Lula afirmou que a agenda deve abrir espaço para discutir democracia, relações bilaterais e o papel das grandes potências no atual cenário internacional. O chefe do Executivo disse que os dois países exercem influência decisiva no hemisfério.
Lula quer reduzir ‘ruídos diplomáticos’
Segundo o petista, esse peso exige diálogo direto para enfrentar crises e fortalecer mecanismos multilaterais. Ele afirmou ainda que conversou recentemente por telefone com Trump, além de manter contatos com outros líderes da região.
Lula destacou que pretende tratar de temas estratégicos na viagem aos EUA. Citou comércio, segurança regional e o funcionamento das instituições globais. O presidente avaliou que um encontro presencial permite maior clareza sobre prioridades e reduz ruídos diplomáticos.
Além disso, Lula quer aproveitar o encontro para defender principalmente possíveis reformas no sistema internacional. O presidente critica o que chama de “lei do mais forte” nas relações globais e afirma que a governança mundial vive um momento crítico.

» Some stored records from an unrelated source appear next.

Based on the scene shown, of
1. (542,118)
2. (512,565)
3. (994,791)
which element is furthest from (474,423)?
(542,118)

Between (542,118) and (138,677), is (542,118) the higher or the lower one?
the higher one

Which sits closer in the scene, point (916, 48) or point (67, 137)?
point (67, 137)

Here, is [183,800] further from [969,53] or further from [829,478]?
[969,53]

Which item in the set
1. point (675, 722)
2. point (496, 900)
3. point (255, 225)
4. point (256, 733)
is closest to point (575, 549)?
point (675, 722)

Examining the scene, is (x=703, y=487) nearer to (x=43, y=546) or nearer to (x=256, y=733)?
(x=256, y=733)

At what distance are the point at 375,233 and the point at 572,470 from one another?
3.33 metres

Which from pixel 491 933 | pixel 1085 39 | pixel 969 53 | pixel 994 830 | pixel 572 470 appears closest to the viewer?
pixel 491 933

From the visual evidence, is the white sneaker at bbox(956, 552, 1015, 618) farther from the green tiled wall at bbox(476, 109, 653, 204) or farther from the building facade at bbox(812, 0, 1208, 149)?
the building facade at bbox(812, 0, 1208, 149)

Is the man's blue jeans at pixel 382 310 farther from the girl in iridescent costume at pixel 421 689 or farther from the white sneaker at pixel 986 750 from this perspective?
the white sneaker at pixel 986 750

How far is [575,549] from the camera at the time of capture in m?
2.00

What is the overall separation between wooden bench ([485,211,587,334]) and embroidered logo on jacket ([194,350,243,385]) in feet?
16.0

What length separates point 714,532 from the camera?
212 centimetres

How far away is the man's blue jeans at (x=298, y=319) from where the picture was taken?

Lula abordou do mesmo modo a crise na Venezuela, que se agravou depois da intervenção militar dos Estados Unidos e a captura do ditador Nicolás Maduro no início de janeiro. O esquerdista e aliado de Maduro classificou a operação como um episódio grave. Lula defendeu uma suposta soberania venezuelana.
O brasileiro disse ainda que pretende conversar em breve com a presidente interina, Delcy Rodríguez, para entender a projeção política do país depois da mudança de comando. Ele afirmou que espera que “os venezuelanos encontrem sua própria solução” e que Brasil e EUA devem agir com prudência.